A:厚生年金に加入して働くことで、65歳以降にもらえる遺族厚生年金額も増える仕組みです
相談者「桃の花」さんは63歳で「特別支給の老齢厚生年金」をもらうようですが、60代前半の年金は、「遺族厚生年金」と「特別支給の老齢厚生年金」のうち、有利なほうを選択することができます。相談者「桃の花」さんは63歳で「特別支給の老齢厚生年金」をもらうようですが、「桃の花」さんの場合は「遺族厚生年金」のほうが有利でしょうから、夫の遺族厚生年金を選択しましょう。
遺族厚生年金を受給しながら、正社員として厚生年金に加入して働くことについてですが、正社員で働いたとしても遺族厚生年金の支給は止まりません。
「桃の花」さんの場合、60歳まで正社員として働くことで65歳以降にもらえる老齢基礎年金と老齢厚生年金を増やすことにつながります。税金や社会保険料の負担はありますが、所得が増え生活に余裕ができるのではないでしょうか。また、雇用保険に入ることで失業等給付ももらえますのでメリットも多いと思います。
さらに60歳以降も正社員として働くことで、厚生年金期間が長くなり65歳以降の老齢厚生年金額が増えます。

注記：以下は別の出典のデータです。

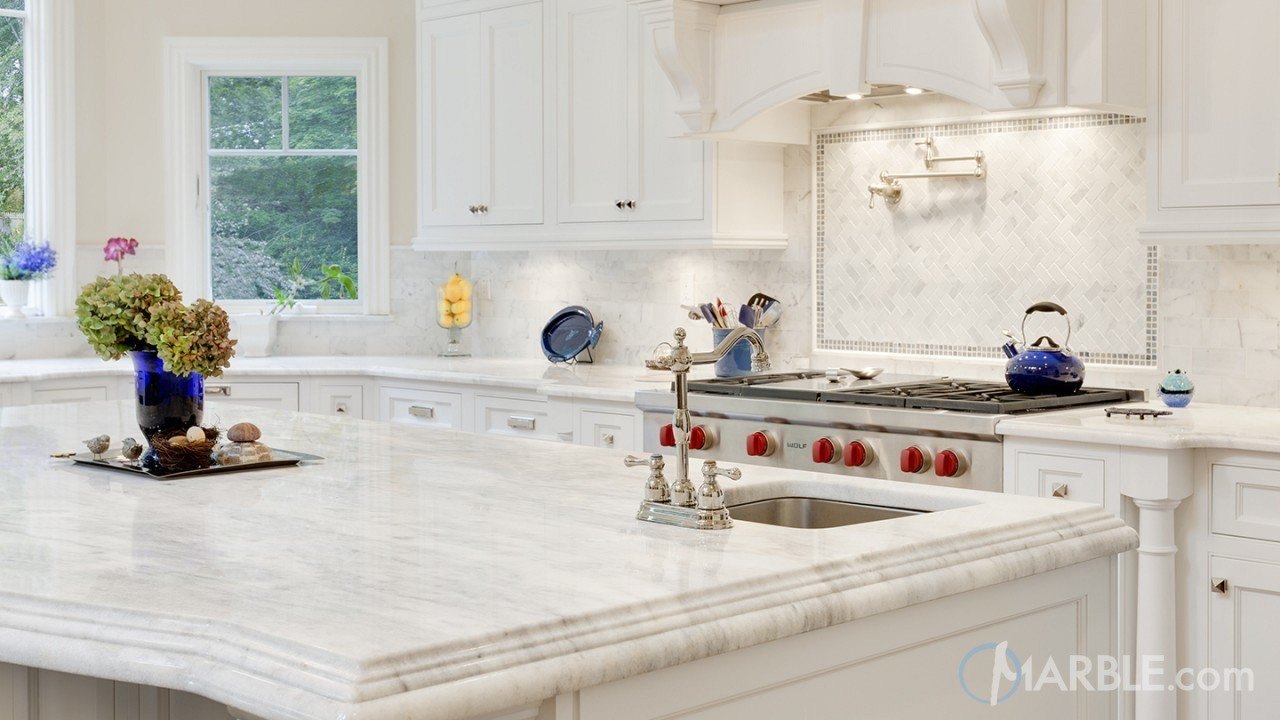 Classic White Quartzite Countertop In A Beautiful Dream Kitchen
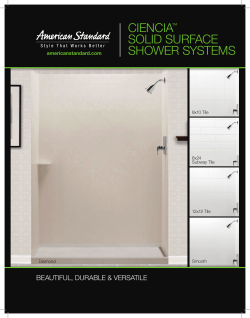 CIENCIA SOLID SURFACE SHOWER SYSTEMS BEAUTIFUL, DURABLE &amp; VERSATILE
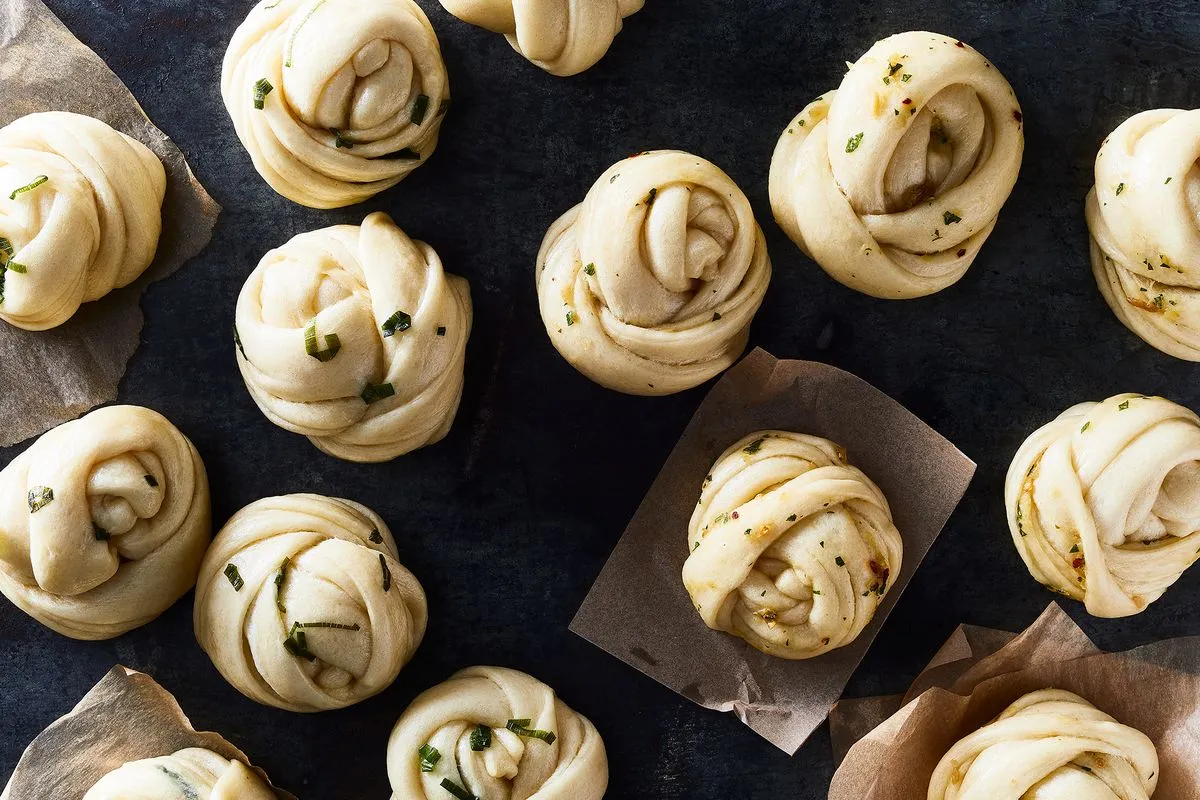 Chinese Steamed Flower Buns Hua Juan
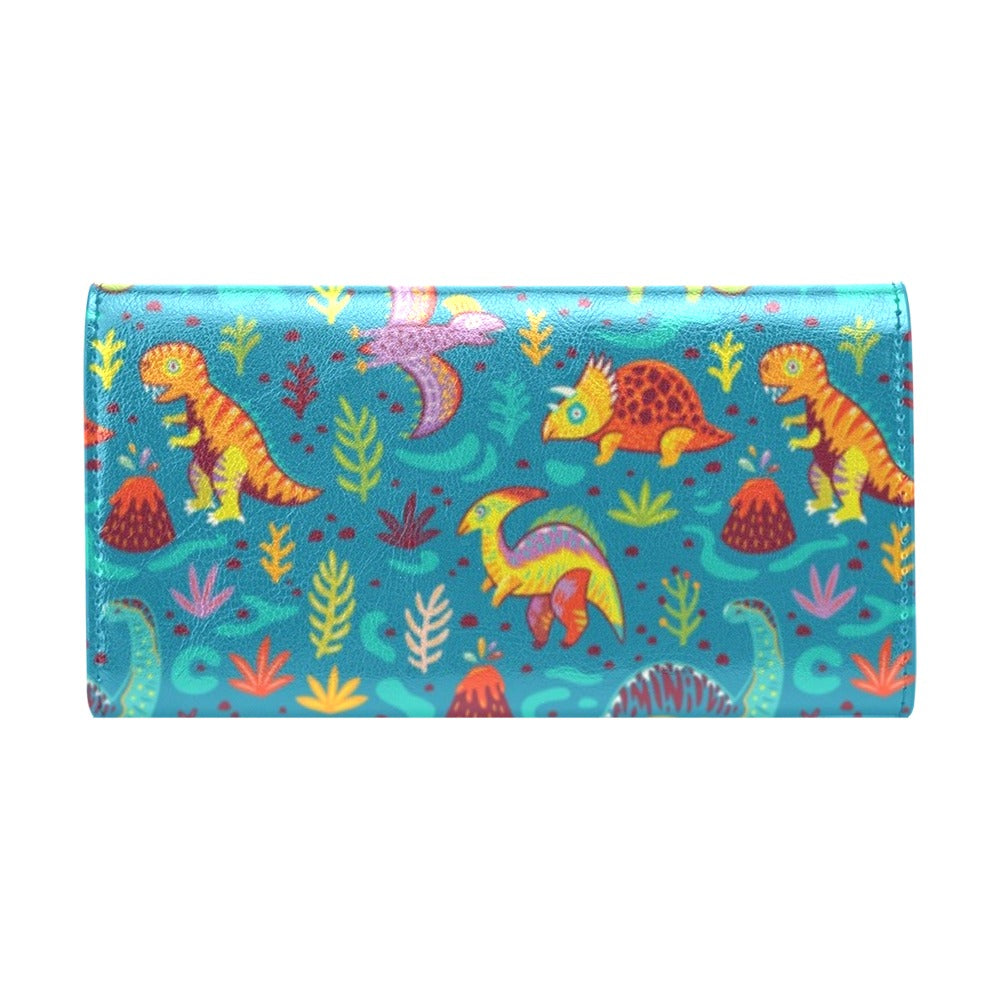 Dinosaur Cartoon Style Women's Trifold Wallet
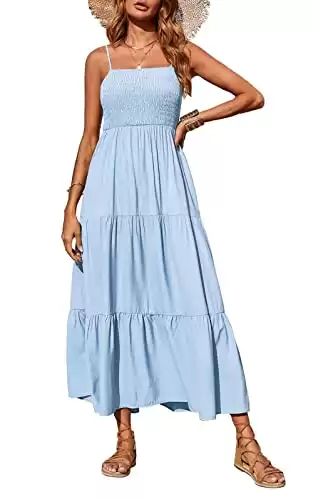 PRETTYGARDEN Women's Summer Maxi Dress Casual Boho Sleeveless Spaghetti Strap Smocked Tiered Long Beach Sun Dresses Blue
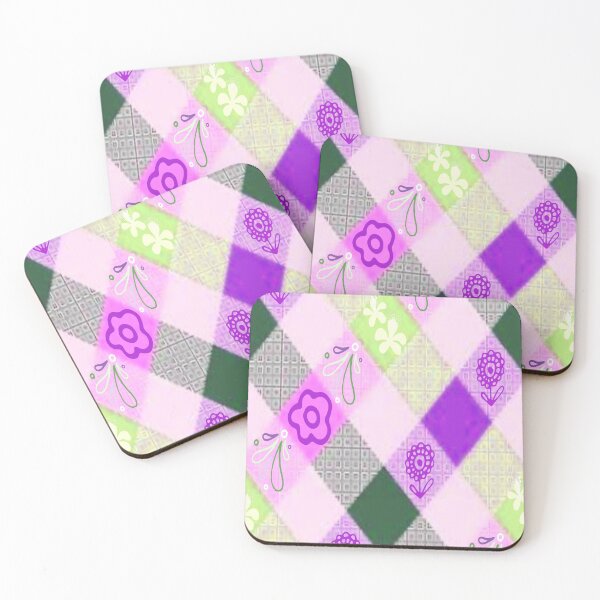 Item preview, Buffalo Plaid and Florals  psychedelic graphic design 2, Abstraction, bold colorful abstract playful design inspired by nature designed and sold by Adri Barnard.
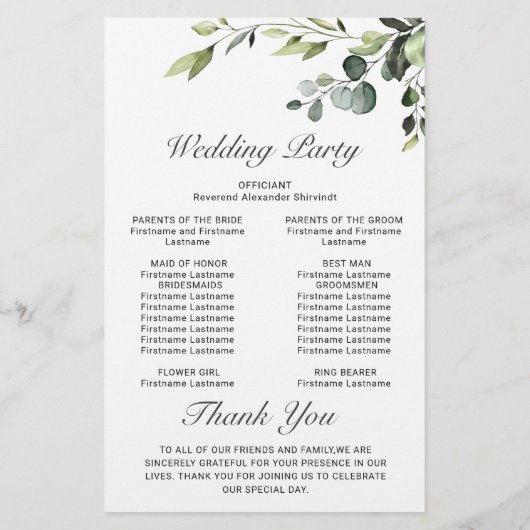 Elegant Eucalyptus Boho huwelijksceremonie program (Achterkant)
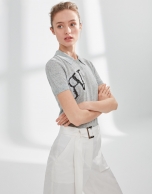 Gray knit top with logo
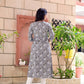 Grey Cotton Block Printed Angrakha Kurta with White Pants- Set of 2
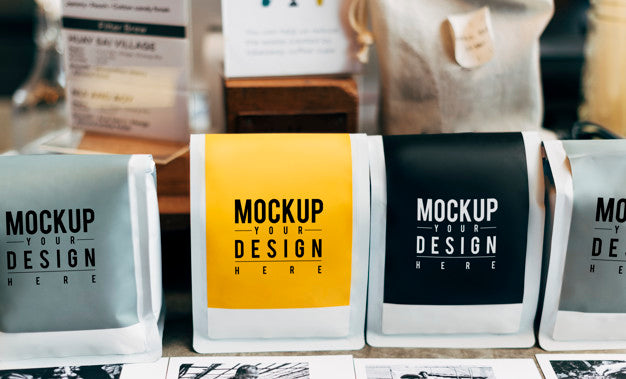 Free Mockup Of Coffee Bean Packaging Psd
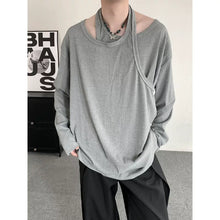 Load image into Gallery viewer, Fake Two-Piece T-shirt Loose Double-Layer Neckline shirt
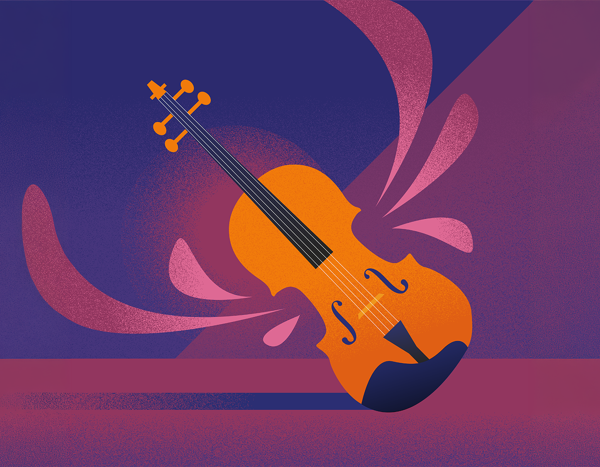 Orange viola with bow and strings, surrounded by pink and purple abstract shapes and splashes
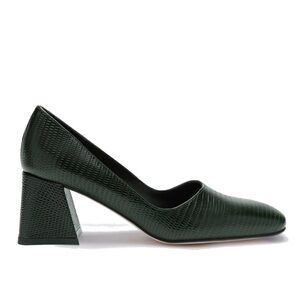 MIISTA Aloisie Bottle Green Lizard Effect Leather Heels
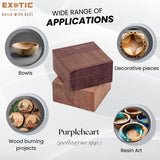 Exotic Wood Zone Purpleheart Unfinished Wood Bowl Blanks (4" x 4" x 2") Exotic Wood Zone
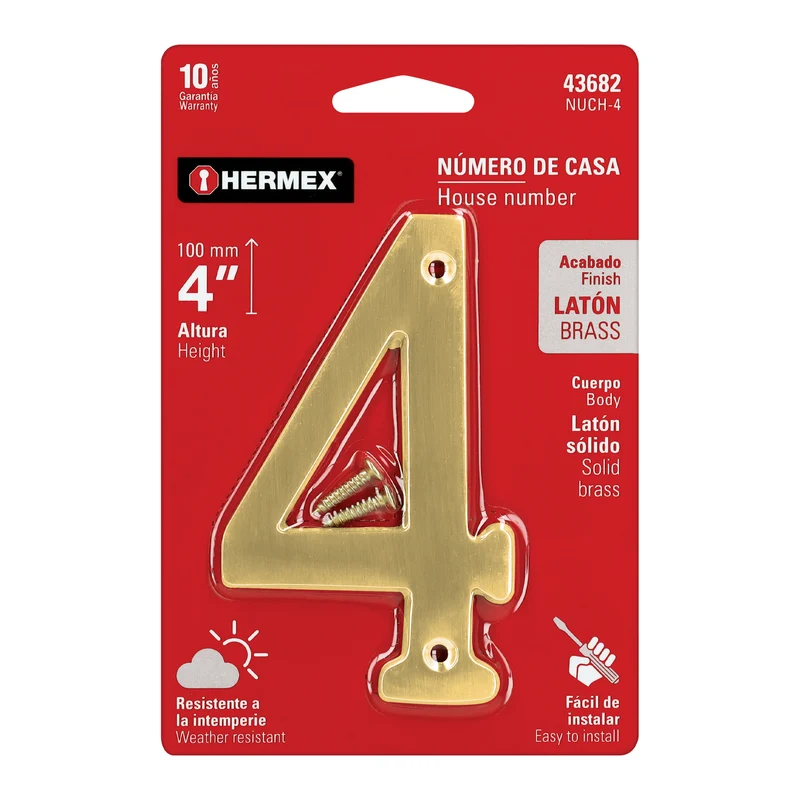 NÚMERO 4 DE LATÓN SÓLIDO 4", HERMEX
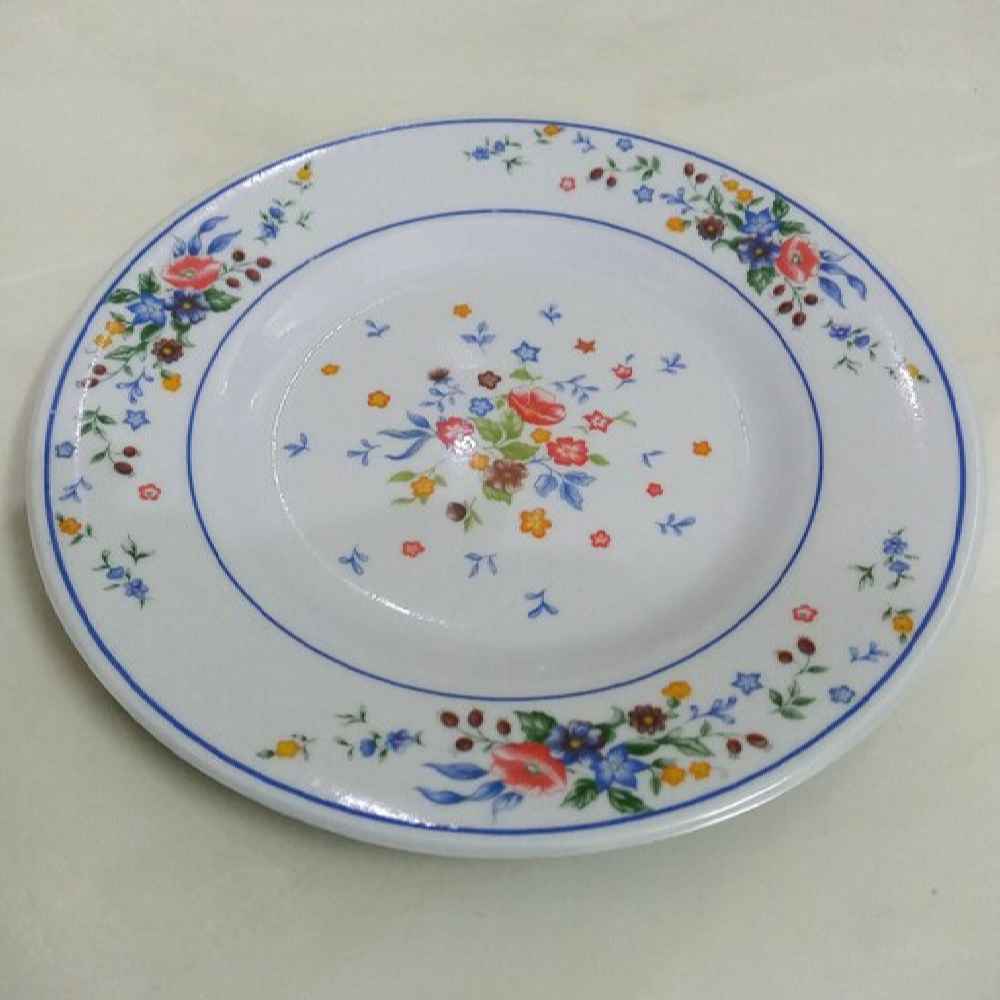 Price and Buy White Melamine Plate Set, Microwave Safe, Victoria Flower - Image 3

65歳以降には自分の老齢厚生年金、自分の老齢基礎年金、遺族厚生年金を受給することになります。遺族厚生年金は、自分の老齢厚生年金と比べて多い場合、差額が支給されることになります。
遺族厚生年金は65歳で再計算されて最も有利な金額が選択されます。自分の老齢厚生年金と比べて遺族厚生年金が多い場合、差額が支給される計算方法の他にも、自分の老齢厚生年金の2分の1と夫の老齢厚生年金の2分の1が合計される、という計算方法もあります。
したがって厚生年金に加入して働き続けたほうが受給する遺族厚生年金の金額が多くなる可能性もあります。いちがいに、厚生年金保険料を払い続けることがムダとはいえません。体に無理のないようでしたら、65歳まで厚生年金に加入して働き続けるのも1つの方法です。